What of the Hezbollah missile arsenal in Lebanon?  If it does indeed constitute a threat to Israel, does the latter have the right to invade another country to prevent its augmentation?  Certainly not.  Saying yes, as many apologists in the West do, is like agreeing that Russia, mutatis mutandis, has the right to send weapons to the forces of the Donetsk and Lugansk People’s Republics to oppose the Ukrainian armed forces bent on subduing them.  The Ukrainian means of waging war have been nothing short of savage and so it is reasonable for the rebels to wish to arm themselves as much as possible to prevent injustice against themselves, their families and their property.  Is Hezbollah’s arsenal likewise a reasonable precaution against a repeat of the 2006 Israeli aerial campaign that destroyed most of Lebanon’s infrastructure, or a primarily offensive weapon for use against Israeli population centers?  Even if it is the latter, Hezbollah will not risk fomenting a war against the Zionist state unless provoked by the latter, and so the Israelis have no choice but to allow this build up.  But with the military they possess – including the multi-layered missile defense system – what do they really have to fear?  The fact that they are seeking to prevent it only adds fuel to the regional fire and further ostracizes them diplomatically.

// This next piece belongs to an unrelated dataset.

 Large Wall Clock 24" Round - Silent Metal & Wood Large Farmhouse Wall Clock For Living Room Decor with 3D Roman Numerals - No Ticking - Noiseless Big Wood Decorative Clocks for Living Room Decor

As for Iran, if it is establishing missile manufacturing bases in Syria with that country’s permission explicitly to supply Hezbollah and to create a deterrent to another possible massive Israeli military action against Lebanon, or the West Bank or Gaza for that matter, what of it?  As is admitted by all the world save themselves, the Israelis possess a nuclear arsenal in addition to technology and a military far superior to any of its neighbors.  Distrusting the Zionist state as it does, how can Hezbollah be blamed for seeking to acquire the only deterrent to give the Israelis pause?  Israel seeks the destruction of that group and vice versa so how can the one be blamed any more than the other?  If the Israelis continue to act as they do, this will only prove to Hezbollah as well as to Syria and Iran that the former cannot be trusted and to the further build up an arsenal to be ready as a counter to any Israeli attacks.  Iran is free to choose its regional partners and for religious, ideological and strategic reasons, it has chosen Hezbollah.
Western commentators, especially those who espouse the right of NATO to move troops right up to Russia’s border and to conduct military exercises in the teeth of Putin’s veterans, should take pause before leveling charges against the Axis of Resistance.